DATA SHOWN —
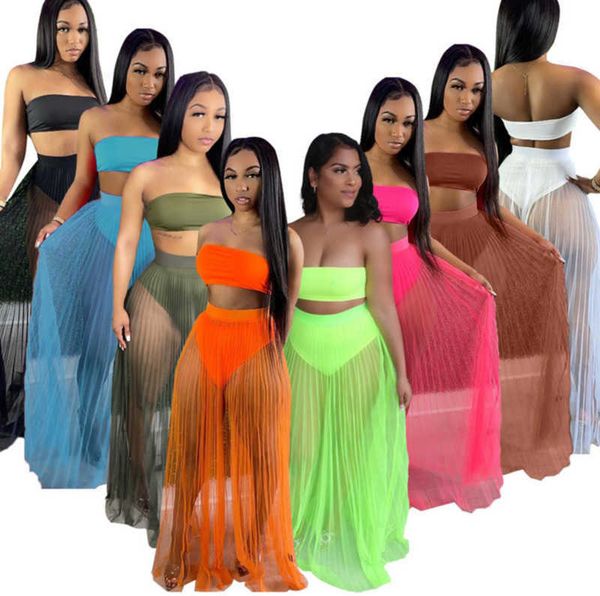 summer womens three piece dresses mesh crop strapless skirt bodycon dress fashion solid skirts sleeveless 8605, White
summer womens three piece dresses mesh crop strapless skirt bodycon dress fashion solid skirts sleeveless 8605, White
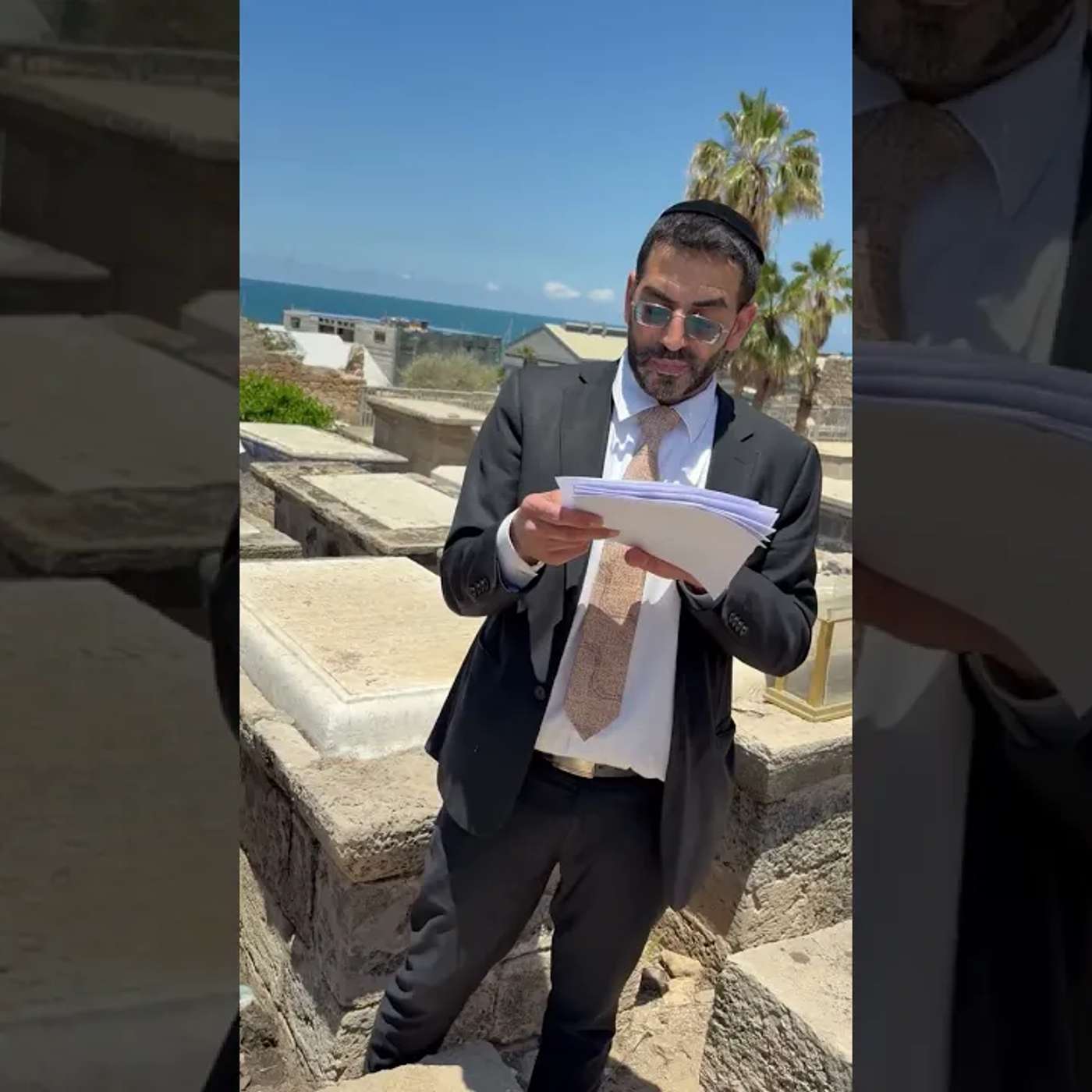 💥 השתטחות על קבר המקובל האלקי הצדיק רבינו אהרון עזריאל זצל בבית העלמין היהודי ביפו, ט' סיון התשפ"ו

EXERCISE DIRECTIONS —
Except for the pictures, please retype the listing above exactly.

TASK OUTPUT —
 summer womens three piece dresses mesh crop strapless skirt bodycon dress fashion solid skirts sleeveless 8605, White
summer womens three piece dresses mesh crop strapless skirt bodycon dress fashion solid skirts sleeveless 8605, White
 💥 השתטחות על קבר המקובל האלקי הצדיק רבינו אהרון עזריאל זצל בבית העלמין היהודי ביפו, ט' סיון התשפ"ו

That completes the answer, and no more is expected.